▸ **Your objective**:
Everything from the first line of the material below through the line containing "mob, muslim, kargil" is to be printed exactly, and nothing more.

▸ **Record excerpts**:
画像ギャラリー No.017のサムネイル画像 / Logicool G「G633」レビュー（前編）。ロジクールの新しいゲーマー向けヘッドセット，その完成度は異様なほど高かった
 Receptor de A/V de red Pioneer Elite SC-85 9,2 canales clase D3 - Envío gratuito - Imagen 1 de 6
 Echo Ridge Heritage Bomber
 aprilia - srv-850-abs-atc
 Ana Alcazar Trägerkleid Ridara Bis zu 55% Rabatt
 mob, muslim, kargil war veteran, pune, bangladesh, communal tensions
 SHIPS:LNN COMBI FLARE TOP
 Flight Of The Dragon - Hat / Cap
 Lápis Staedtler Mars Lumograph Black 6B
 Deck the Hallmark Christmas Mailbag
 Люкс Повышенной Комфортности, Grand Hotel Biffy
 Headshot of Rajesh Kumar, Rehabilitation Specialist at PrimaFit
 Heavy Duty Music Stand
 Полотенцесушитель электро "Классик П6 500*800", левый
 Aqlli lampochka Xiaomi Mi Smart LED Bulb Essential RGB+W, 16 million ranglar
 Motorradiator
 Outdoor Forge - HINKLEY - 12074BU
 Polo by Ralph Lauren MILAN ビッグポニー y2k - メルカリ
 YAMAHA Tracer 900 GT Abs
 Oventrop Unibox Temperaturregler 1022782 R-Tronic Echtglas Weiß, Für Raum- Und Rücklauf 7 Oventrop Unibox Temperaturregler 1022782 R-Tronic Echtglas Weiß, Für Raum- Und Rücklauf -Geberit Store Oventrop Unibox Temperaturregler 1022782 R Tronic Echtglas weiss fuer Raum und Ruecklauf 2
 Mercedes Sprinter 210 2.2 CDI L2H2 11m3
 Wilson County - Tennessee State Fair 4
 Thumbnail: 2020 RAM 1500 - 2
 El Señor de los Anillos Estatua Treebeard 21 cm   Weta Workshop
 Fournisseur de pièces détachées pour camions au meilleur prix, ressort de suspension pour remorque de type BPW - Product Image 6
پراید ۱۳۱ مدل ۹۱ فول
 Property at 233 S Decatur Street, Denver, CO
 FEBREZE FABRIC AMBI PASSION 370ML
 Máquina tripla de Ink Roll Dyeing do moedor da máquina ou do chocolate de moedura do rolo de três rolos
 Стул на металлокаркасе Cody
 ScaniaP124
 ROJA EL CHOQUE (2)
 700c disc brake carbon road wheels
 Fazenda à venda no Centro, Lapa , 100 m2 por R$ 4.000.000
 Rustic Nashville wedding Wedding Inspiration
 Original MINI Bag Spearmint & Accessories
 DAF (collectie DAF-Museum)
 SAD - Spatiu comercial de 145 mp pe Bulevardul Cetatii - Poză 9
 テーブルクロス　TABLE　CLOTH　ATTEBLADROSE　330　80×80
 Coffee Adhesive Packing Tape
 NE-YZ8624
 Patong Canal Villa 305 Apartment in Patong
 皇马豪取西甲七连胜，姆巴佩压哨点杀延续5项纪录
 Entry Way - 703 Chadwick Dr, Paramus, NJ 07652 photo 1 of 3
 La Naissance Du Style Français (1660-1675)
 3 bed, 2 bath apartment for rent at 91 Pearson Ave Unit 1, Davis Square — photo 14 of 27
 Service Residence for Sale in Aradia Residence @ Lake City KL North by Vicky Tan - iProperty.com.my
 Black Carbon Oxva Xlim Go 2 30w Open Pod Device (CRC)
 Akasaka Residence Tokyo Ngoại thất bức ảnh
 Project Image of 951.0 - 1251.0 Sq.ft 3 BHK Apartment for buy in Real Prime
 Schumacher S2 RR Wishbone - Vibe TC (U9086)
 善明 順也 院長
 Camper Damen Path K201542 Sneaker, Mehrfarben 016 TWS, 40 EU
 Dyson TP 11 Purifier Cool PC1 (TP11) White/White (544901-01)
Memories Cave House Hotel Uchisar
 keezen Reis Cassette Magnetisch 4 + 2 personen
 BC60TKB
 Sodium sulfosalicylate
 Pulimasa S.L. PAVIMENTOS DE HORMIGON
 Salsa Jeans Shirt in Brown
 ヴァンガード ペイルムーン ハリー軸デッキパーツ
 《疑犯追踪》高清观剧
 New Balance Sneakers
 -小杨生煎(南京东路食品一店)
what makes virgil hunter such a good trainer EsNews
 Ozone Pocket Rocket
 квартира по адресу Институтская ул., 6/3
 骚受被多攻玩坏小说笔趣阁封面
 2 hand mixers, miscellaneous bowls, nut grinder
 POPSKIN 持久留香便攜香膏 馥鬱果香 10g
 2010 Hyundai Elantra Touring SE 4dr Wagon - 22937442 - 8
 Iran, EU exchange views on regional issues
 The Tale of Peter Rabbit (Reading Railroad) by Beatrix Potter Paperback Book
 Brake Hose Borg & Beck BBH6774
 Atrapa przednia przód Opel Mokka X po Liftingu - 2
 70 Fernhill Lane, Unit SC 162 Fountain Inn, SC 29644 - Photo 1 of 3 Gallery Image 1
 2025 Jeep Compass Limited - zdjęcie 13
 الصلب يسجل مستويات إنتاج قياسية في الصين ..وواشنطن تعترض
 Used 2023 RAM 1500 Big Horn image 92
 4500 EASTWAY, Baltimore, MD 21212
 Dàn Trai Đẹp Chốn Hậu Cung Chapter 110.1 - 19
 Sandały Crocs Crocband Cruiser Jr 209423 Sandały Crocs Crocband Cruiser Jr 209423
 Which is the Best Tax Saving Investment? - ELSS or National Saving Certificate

▸ **Output of the exercise**:
画像ギャラリー No.017のサムネイル画像 / Logicool G「G633」レビュー（前編）。ロジクールの新しいゲーマー向けヘッドセット，その完成度は異様なほど高かった
 Receptor de A/V de red Pioneer Elite SC-85 9,2 canales clase D3 - Envío gratuito - Imagen 1 de 6
 Echo Ridge Heritage Bomber
 aprilia - srv-850-abs-atc
 Ana Alcazar Trägerkleid Ridara Bis zu 55% Rabatt
 mob, muslim, kargil war veteran, pune, bangladesh, communal tensions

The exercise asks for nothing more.